-- Data block follows --

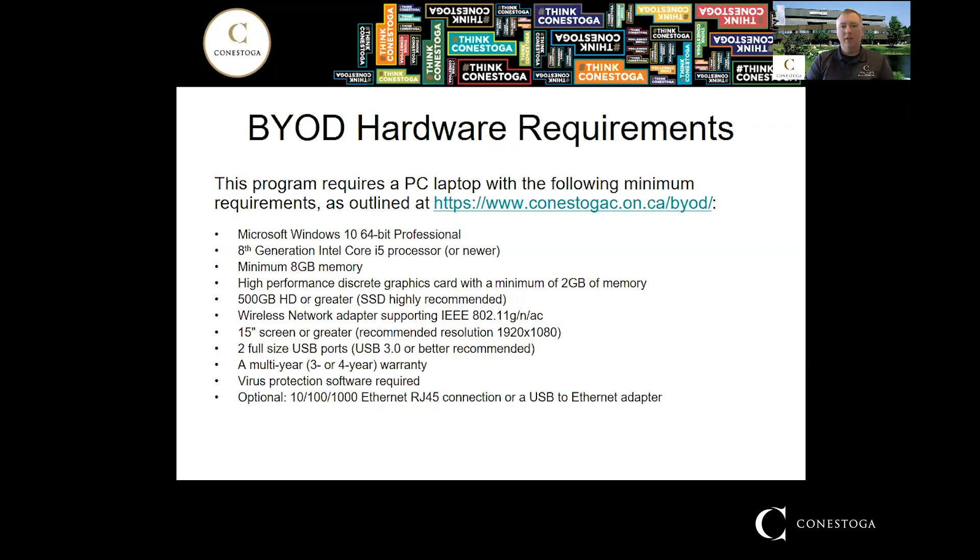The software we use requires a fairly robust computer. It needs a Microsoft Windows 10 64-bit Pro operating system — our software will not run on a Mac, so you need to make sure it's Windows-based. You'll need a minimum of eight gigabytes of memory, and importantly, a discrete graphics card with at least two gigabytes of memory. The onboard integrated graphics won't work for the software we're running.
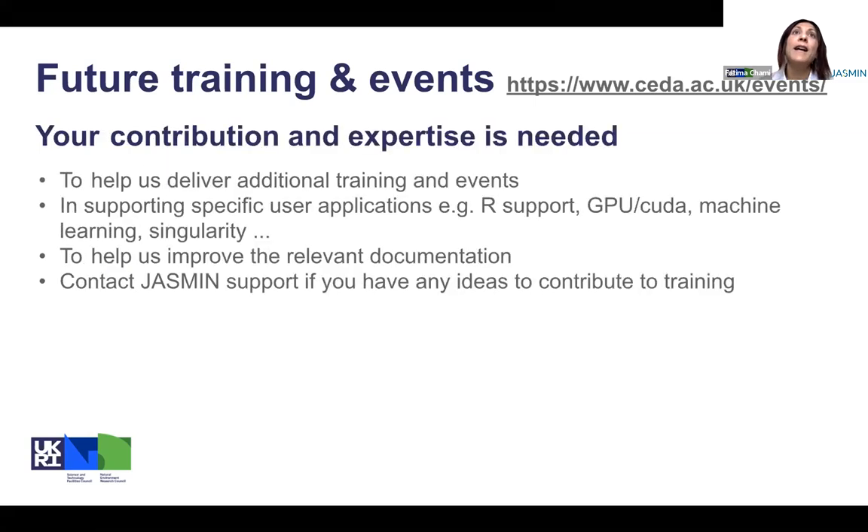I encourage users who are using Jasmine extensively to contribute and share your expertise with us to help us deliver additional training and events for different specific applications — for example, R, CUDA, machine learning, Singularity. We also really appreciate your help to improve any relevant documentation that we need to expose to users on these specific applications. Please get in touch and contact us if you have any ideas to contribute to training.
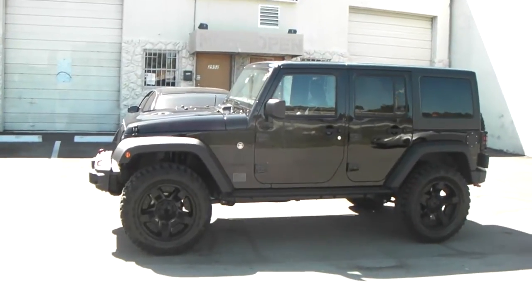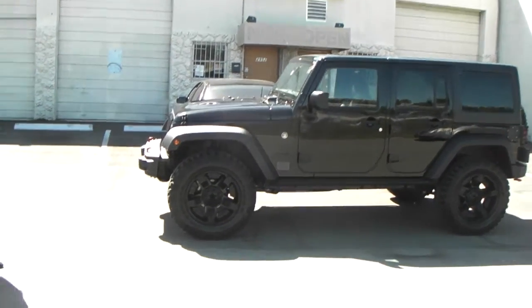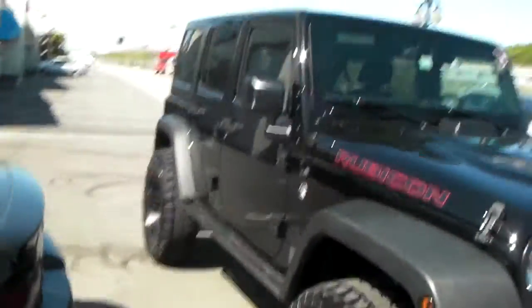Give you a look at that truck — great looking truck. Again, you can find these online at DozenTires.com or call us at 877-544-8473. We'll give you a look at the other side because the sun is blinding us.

-- Data block concluded --

Send back the data above word for word, with the pictures left out.

Answer section
The software we use requires a fairly robust computer. It needs a Microsoft Windows 10 64-bit Pro operating system — our software will not run on a Mac, so you need to make sure it's Windows-based. You'll need a minimum of eight gigabytes of memory, and importantly, a discrete graphics card with at least two gigabytes of memory. The onboard integrated graphics won't work for the software we're running.
I encourage users who are using Jasmine extensively to contribute and share your expertise with us to help us deliver additional training and events for different specific applications — for example, R, CUDA, machine learning, Singularity. We also really appreciate your help to improve any relevant documentation that we need to expose to users on these specific applications. Please get in touch and contact us if you have any ideas to contribute to training.
Give you a look at that truck — great looking truck. Again, you can find these online at DozenTires.com or call us at 877-544-8473. We'll give you a look at the other side because the sun is blinding us.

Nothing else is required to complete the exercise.